U.S. Census Bureau

Source and Accuracy of Estimates for the June 2002 CPS Microdata File on Fertility and Birth Expectations

Table of Contents

SOURCE OF DATA
  Basic CPS
  June 2002 Supplement
  Basic CPS Sample Design
  Sample Redesign
  Estimation Procedure

ACCURACY OF THE ESTIMATES
  Sampling Error
  Nonsampling Error
  Nonresponse
  Coverage
  A Nonsampling Error Warning
  Standard Errors and Their Use
  Standard Errors of Estimated Numbers
  Standard Errors of Estimated Percentages
  Standard Error of a Difference
  Standard Error of a Fertility Ratio
  Standard Error of a Ratio
  Standard Errors for Region, State and Nonmetropolitan Estimates

Tables

Table 1. CPS Coverage Ratios
Table 2. Parameters for Computation of Standard Errors for Labor Force Characteristics
Table 3. Parameters for Computations of Standard Errors for June 2002 Supplement Characteristics
Table 4. Parameters for Computation of Standard Errors for June 2002 Fertility Ratios
Table 5. State Factors to be Applied to 2002 Parameters
Table 6. Region Factors to be Applied to 2002 Parameters


Source and Accuracy of Estimates for the June 2002 CPS Microdata File on Fertility and Birth Expectations

SOURCE OF DATA

The data in this microdata file come from the June 2002 Current Population Survey (CPS). The June survey uses two sets of questions, the basic CPS and the supplement.

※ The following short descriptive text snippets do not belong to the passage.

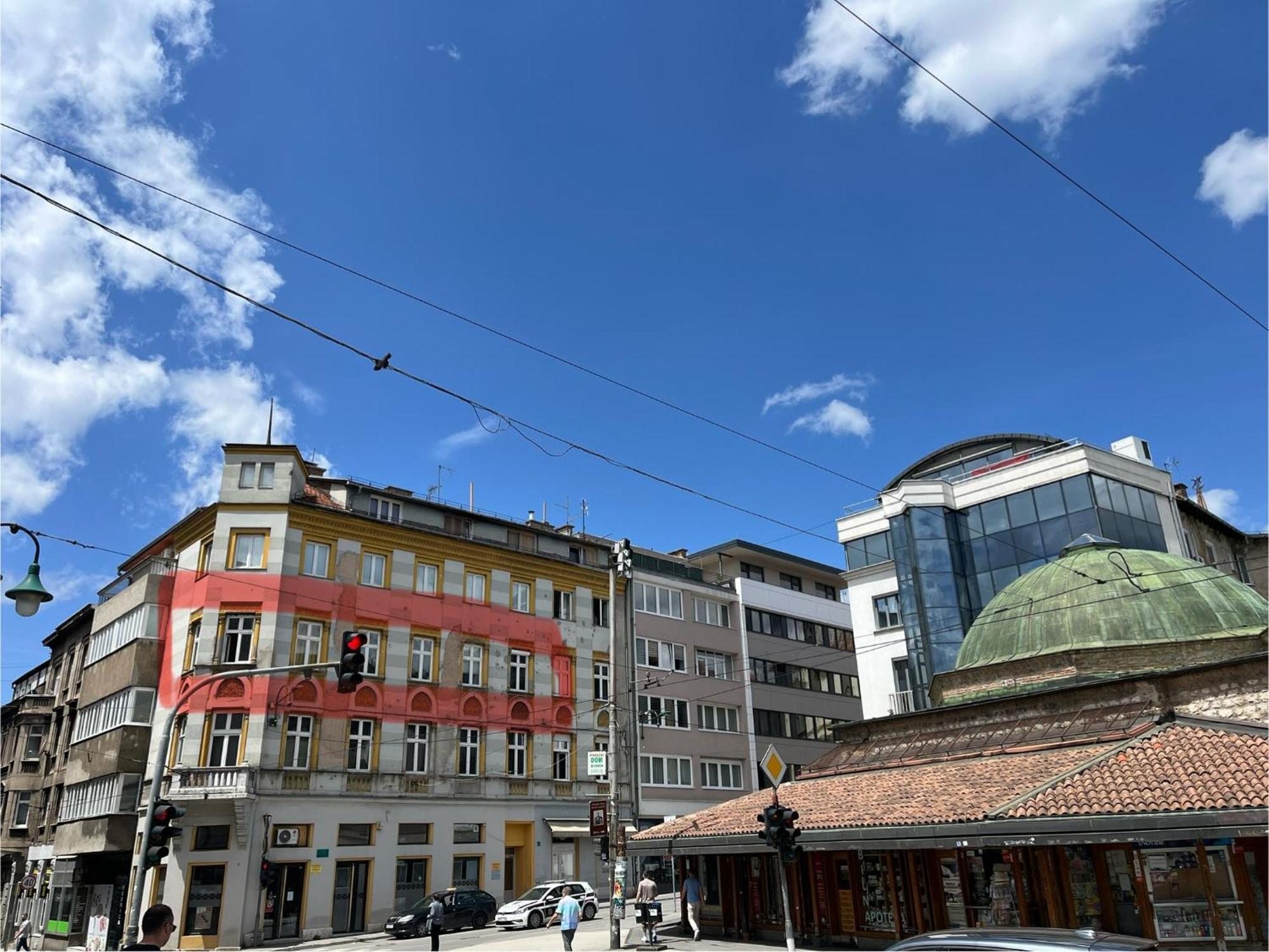Historijski Luksuz U Starom Gradu, Garage Parking Saraievo Exterior foto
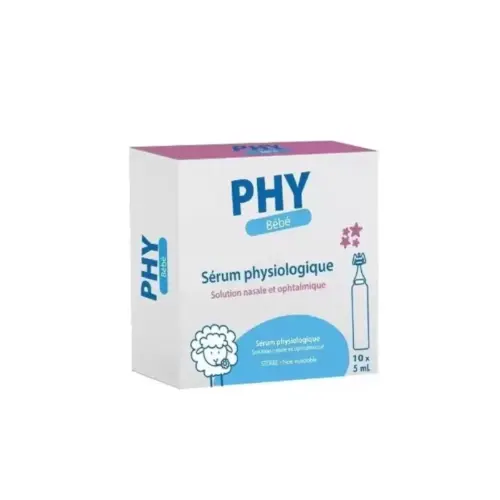 GILBERT Sérum physiologique 10*5ML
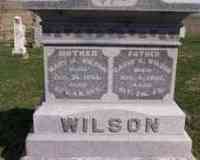 David Keyes WILSON - Grave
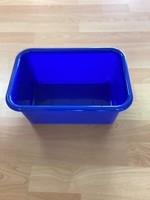 Small Blue Storage Bin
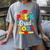 Kids Pre-K Grad 2025 Preschool Graduation 2025 Women's Comfort Colors T-Shirt Gray
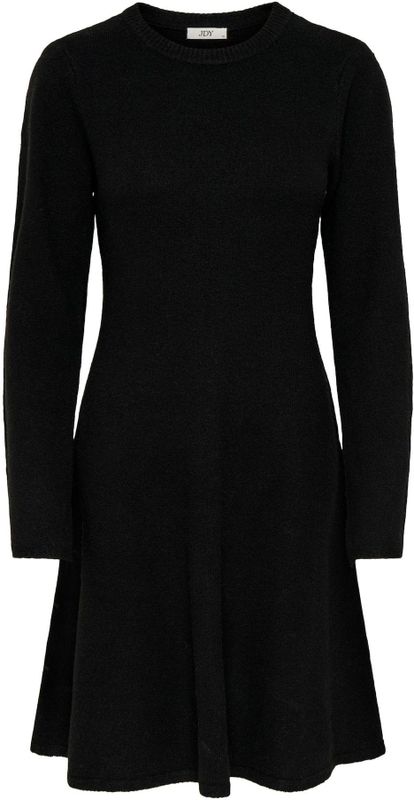 JDY Gebreide jurk 'Rosemary'  zwart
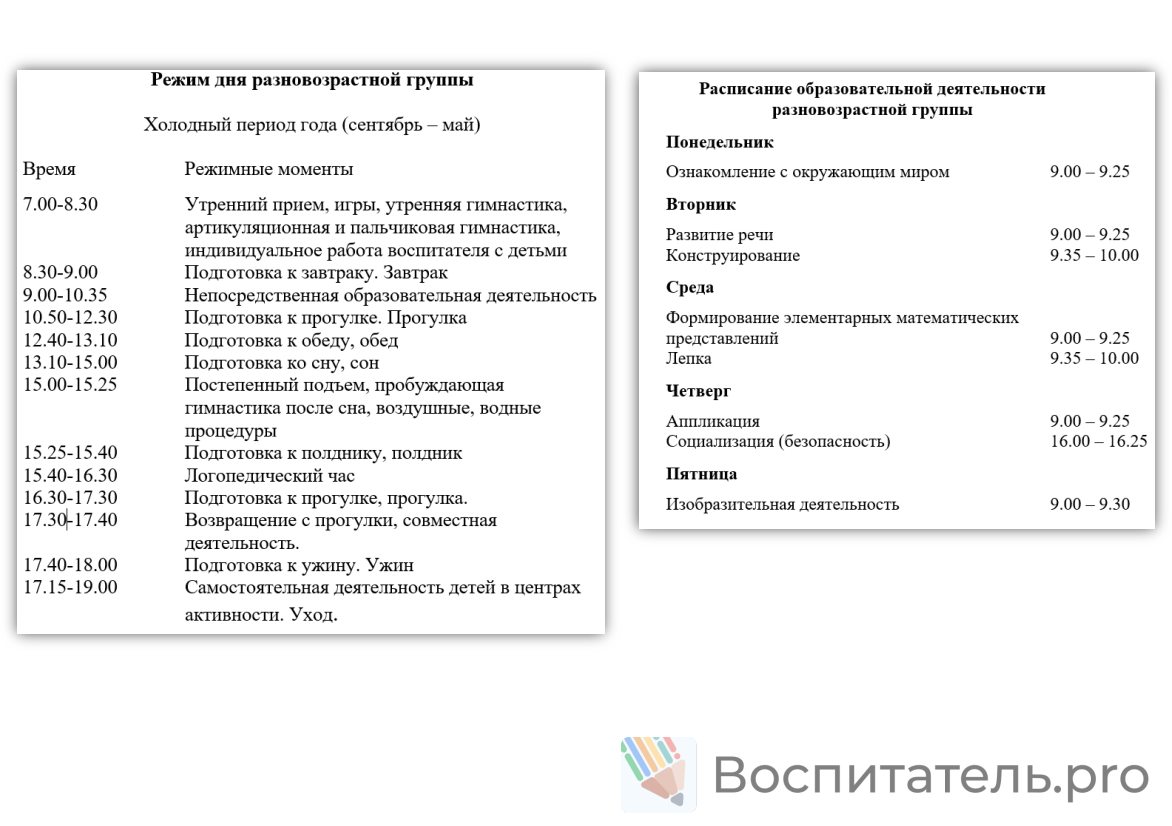 Пример материала 1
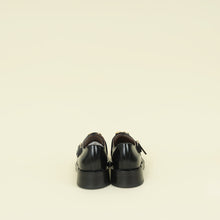 Valentino Black Vlogo Derby Loafer 39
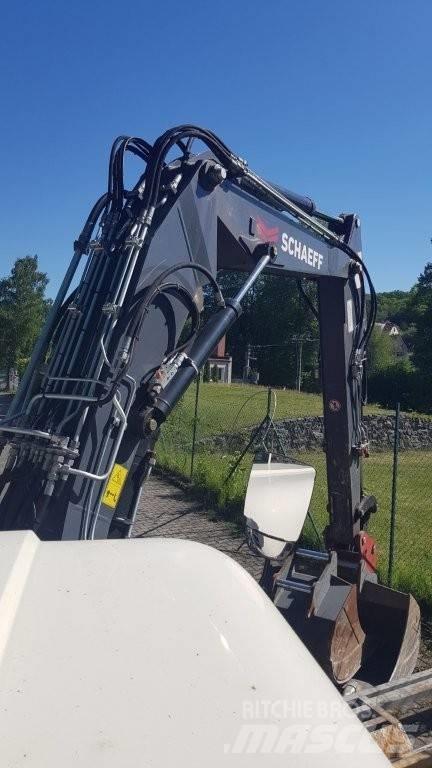 Schaeff TW 110  휠 굴삭기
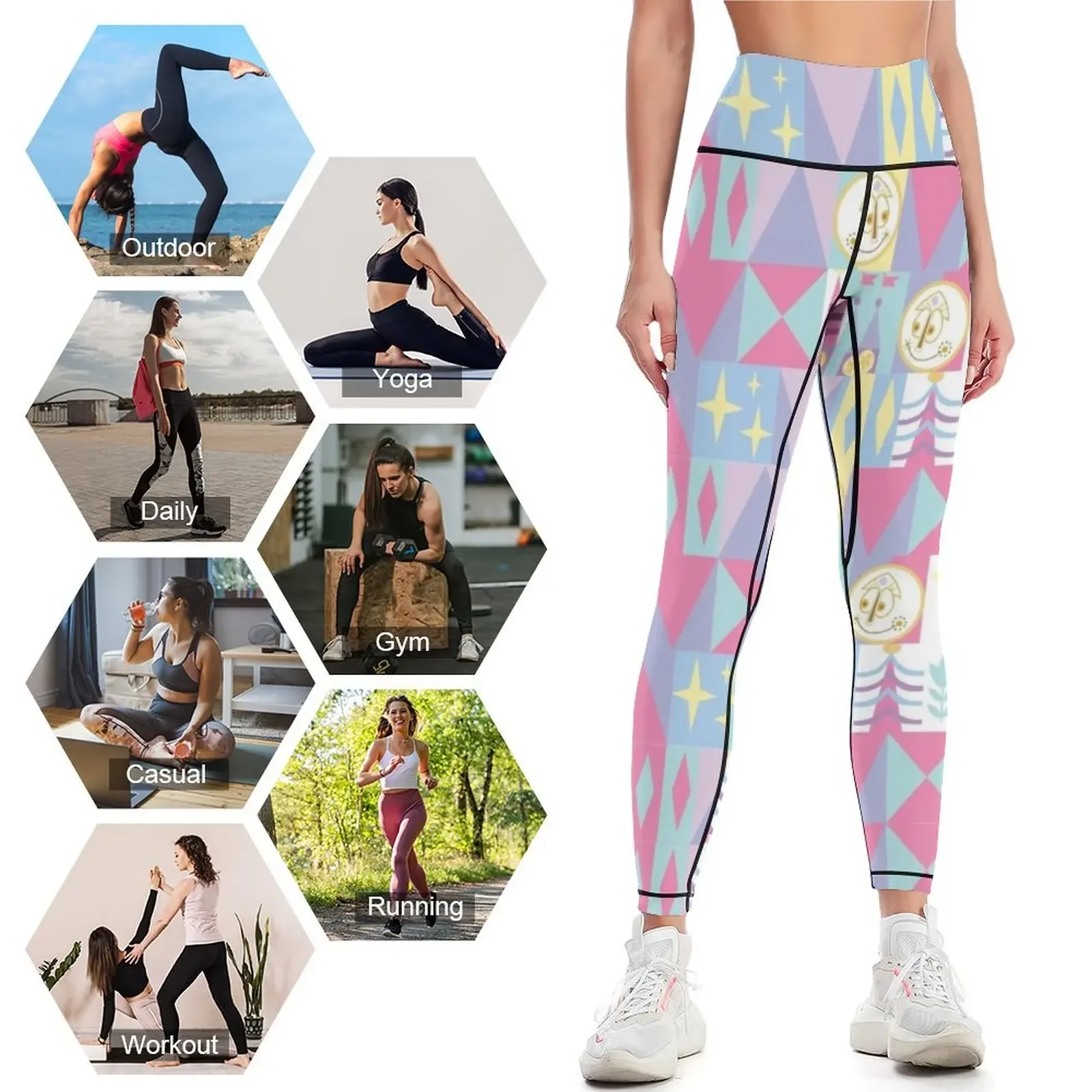 A small world it is Afterall L - Yoga Fitness World review and price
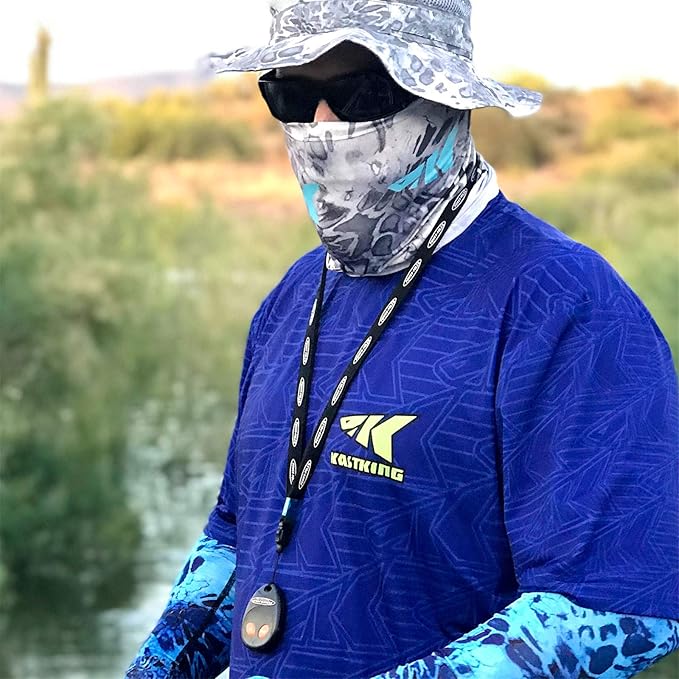 KastKing Sol Armis Neck Gaiter - UPF 50 Face Mask - UV Sun Protection Mask for Men & Women, Fishing, Hiking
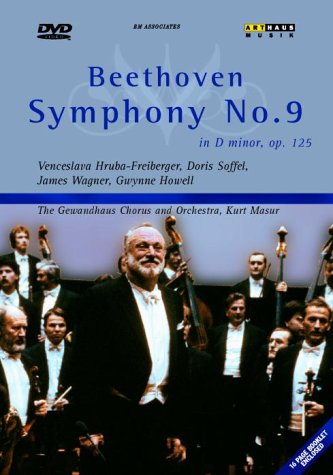CD-Charts  DVD : Beethoven: Symphony No. 9 - Choral [1991]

Basic CPS. The basic CPS collects primarily labor force data about the civilian noninstitutional population. Interviewers ask questions concerning labor force participation about each member 15 years old and over in every sample household.

June 2002 Supplement. In addition to the basic CPS questions, interviewers asked supplementary questions in June 2002 about fertility of women between 15 and 44 years of age.

Basic CPS Sample Design. The present CPS sample was selected from the 1990 Decennial Census files with coverage in all 50 states and the District of Columbia. The sample is continually updated to account for new residential construction. To obtain the sample, the United States was divided into 2,007 geographic areas. In most states, a geographic area consisted of a county or several contiguous counties. In some areas of New England and Hawaii, minor civil divisions are used instead of counties. These 2,007 geographic areas were then grouped into 754 strata, and one geographic area was selected from each stratum.

About 60,000 occupied households are eligible for interview every month out of these 754 areas. Interviewers are unable to obtain interviews at about 4,500 of these units. This occurs when the occupants are not found at home after repeated calls or are unavailable for some other reason.

The number of households that are eligible for interview in the basic CPS increased from 50,000 to 60,000 in July of 2001. This increase in the number of eligible households is due to the implementation of the State Children’s Health Insurance Program (SCHIP) sample expansion. The SCHIP sample expansion increased the monthly CPS sample in states with high sampling errors for low-income uninsured children. With the increase in eligible households, the number of units where interviewers were unable to obtain an interview increased from 3,200 to 4,500.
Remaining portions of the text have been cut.